Ed Stourton is leaving the Today programme next year after a decade presenting the Radio 4 flagship morning news programme to ‘concentrate on other BBC projects’.
The BBC announced this afternoon that his replacement will be Justin Webb, the BBC’s north America editor, who will return to London to take up the new job from next October.
Webb is a former BBC Breakfast News and Six O’Clock News presenter, who spent three years as the BBC’s Europe correspondent before moving to the US, where he led the broadcaster’s coverage of the US election, reporting for radio, television and online.
‘[Today] has been a part of my BBC life for many years and more importantly it’s a part of British life,” Webb said in a statement.

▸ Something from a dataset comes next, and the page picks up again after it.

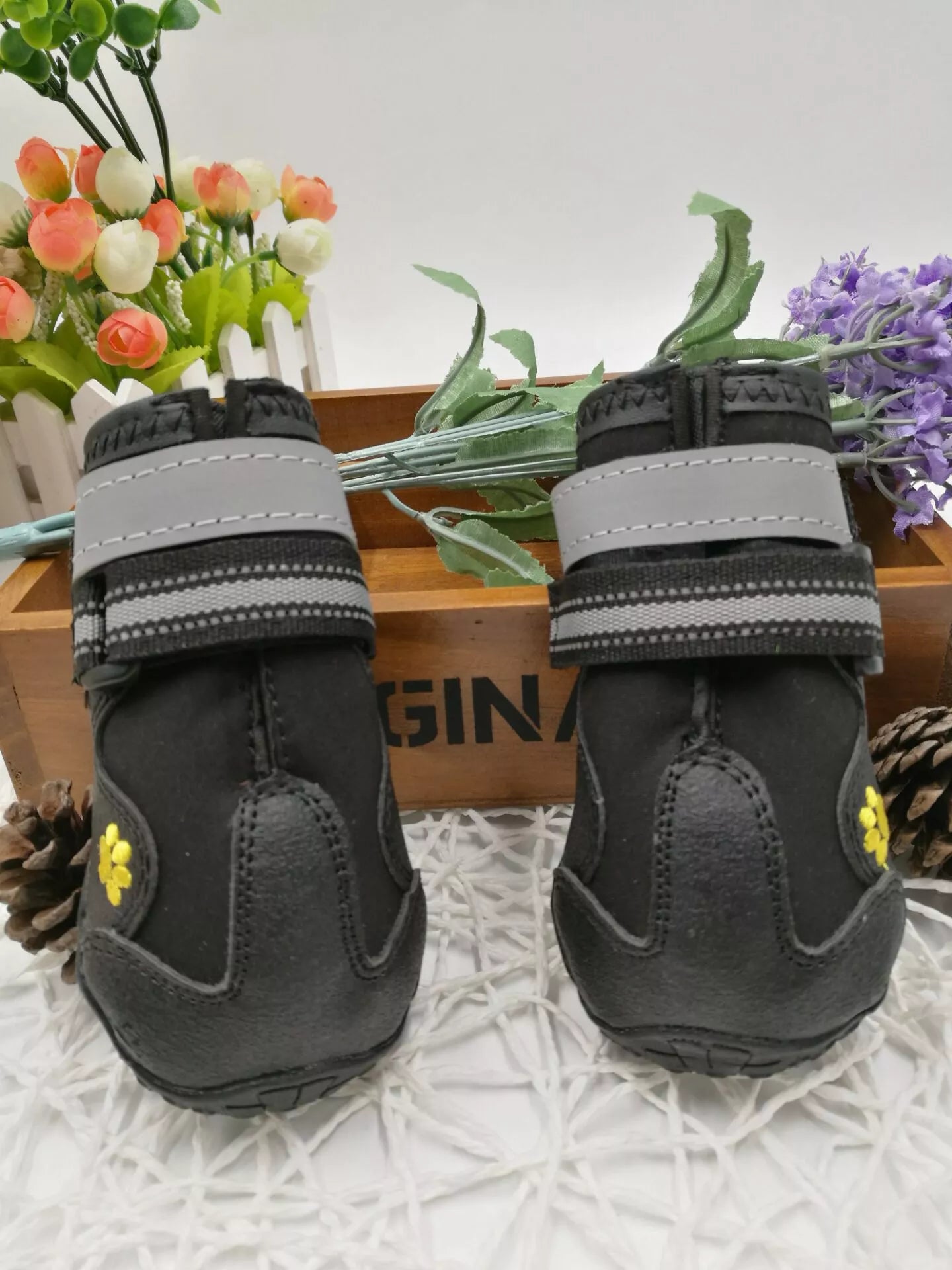 Black waterproof dog shoes with non-slip soles and adjustable fuzzy belts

‘It’s an honour to have the chance to join the team.There isn’t a more challenging job, or a more satisfying job, in British broadcasting.”
Ed Stourton was a founder member of Channel 4 News in 1982, rising from scriptwriter to producer, duty home news editor, chief sub-editor and Washington correspondent.
He joined the BBC in 1988 as Paris correspondent before returning to ITN two years later as diplomatic editor.
His second spell at the BBC began in 1993, where he presented the One O’Clock News for six years and moved to Today in January 1999.
The Radio 4 morning news programme is fronted by two presenters each day, drawn from a rota of five. The other four presenters are John Humphrys, Sarah Montague, James Naughtie and Evan Davis, the former BBC economics editor.
According to the latest set of Rajar audience figures, covering the three months from mid-June to mid-September, the Today programme had an average weekly audience of 6.1m – up from 5.9m in the same period last year.